__Work item__. Return each line of the listing below, unchanged, and omit the images.

__Supplied material__.

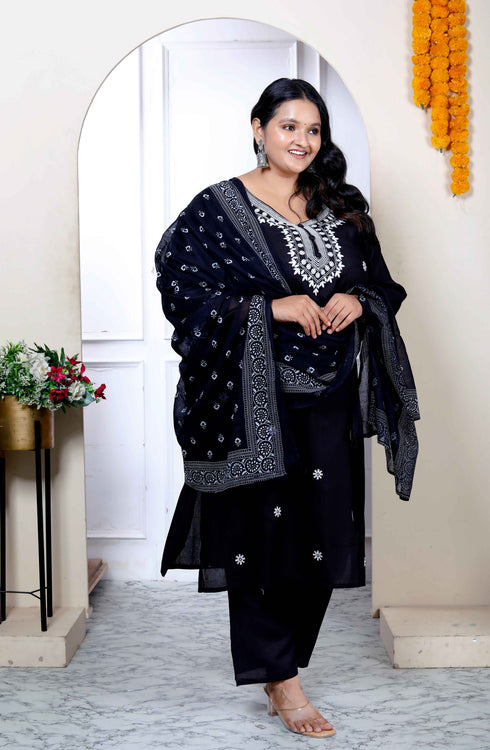 Miravan Womenns Plus Size Black Embroidery Straight Kurta with Palazzo and Dupatta Set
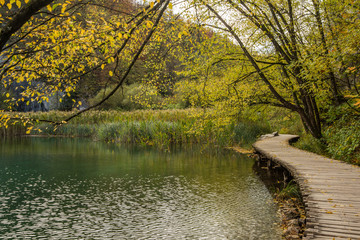 Scenic Plitvice national park in Croatia during autumn time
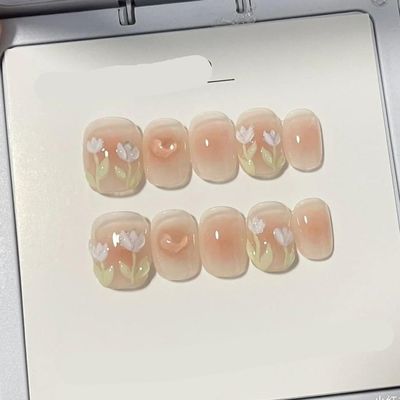 ZIIVIEVS Handmade nail art, tulip hand-painted, handmade short nails, nail patches, wearing nails, nail patches, fake nails, 10PCS (Size : S)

__Result__.
 Miravan Womenns Plus Size Black Embroidery Straight Kurta with Palazzo and Dupatta Set
 Scenic Plitvice national park in Croatia during autumn time
 ZIIVIEVS Handmade nail art, tulip hand-painted, handmade short nails, nail patches, wearing nails, nail patches, fake nails, 10PCS (Size : S)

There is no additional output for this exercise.